Le charme discret de la photographie muséale : le cas du fond
Le choix du fond a une influence considérable sur le rendu d’une photo. Qu’il soit en papier, en velours, en formica, en PVC, couleur « blanc arctique » ou pourpre royal. Dans le cas de la photo muséale, c’est aussi une lucarne intéressante pour observer l’évolution des pratiques, au fil du temps et des opérateurs. La preuve à la fin de l’article.
Éloge de la discrétion
Si le lecteur a l’impression de regarder l’œuvre elle-même lorsqu’il feuillette un catalogue, c’est que le photographe a bien travaillé. Ce métier demande à être sinon invisible, du moins caché derrière ce qui est photographié. Lors de mes années d’étudiant en photographie, je n’associais pas la reproduction des œuvres d’art que je pouvais apercevoir dans le métro, avec la discipline que j’étais en train d’étudier. J’étais en contact direct avec l’œuvre, et l’affiche en présentait une sorte d’empreinte arrivée là par magie. J’évacuais totalement l’étape de l’interprétation qui constitue aujourd’hui l’essence de mon métier actuel.

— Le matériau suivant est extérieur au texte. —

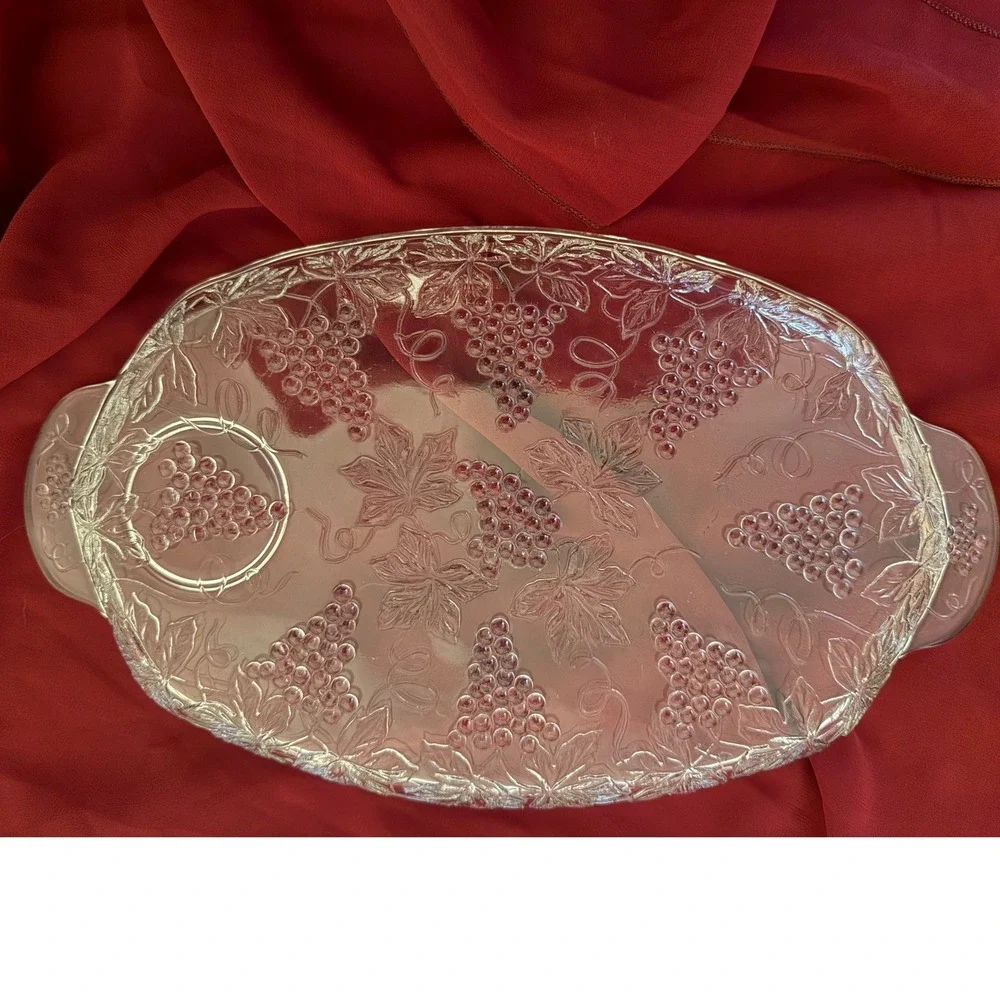 Vintage Anchor Hocking Clear Glass Grape Vine Snack Trays Set of 4 Oval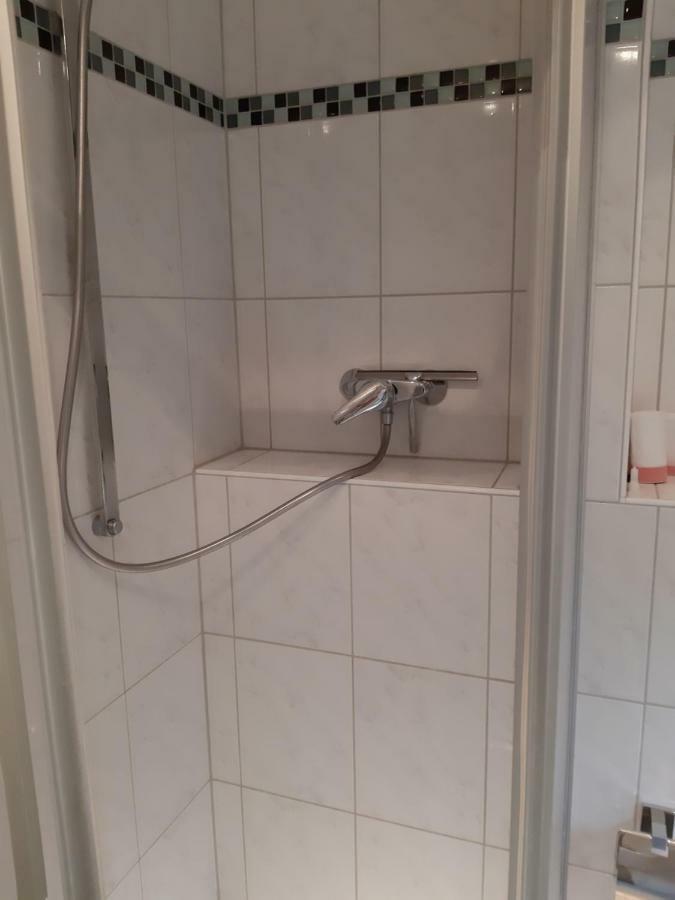 דיסלדורף Standardzimmer Nahe Messe Und Airport מראה חיצוני תמונה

La photo d’une œuvre est comme l’exécution d’une partition
L’analyse du fond (sa luminosité, sa teinte, son dégradé, fond in-situ ou fond en papier…) est l’indicateur le plus évident pour appréhender le style d’un photographe de nature morte. Pour résumer, ce travail consiste à sublimer les œuvres et les pièces du patrimoine qu’on lui confie. Ce genre de mission laisse en principe peu de place à la fantaisie. Sauf qu’il existe en réalité plein de petites brèches qui permettent de deviner l’individu et son approche artisanale, ou même l’époque et ces tendances datées. Tous ces signes qui révèlent des personnalités derrière un exercice pas si standardisé. Comme l’exécution d’une partition musicale, si la photographie muséale requiert avant tout le respect et la compréhension de l’œuvre originale, elle demande aussi à l’opérateur d’apporter son approche propre, afin d’offrir un résultat vivant.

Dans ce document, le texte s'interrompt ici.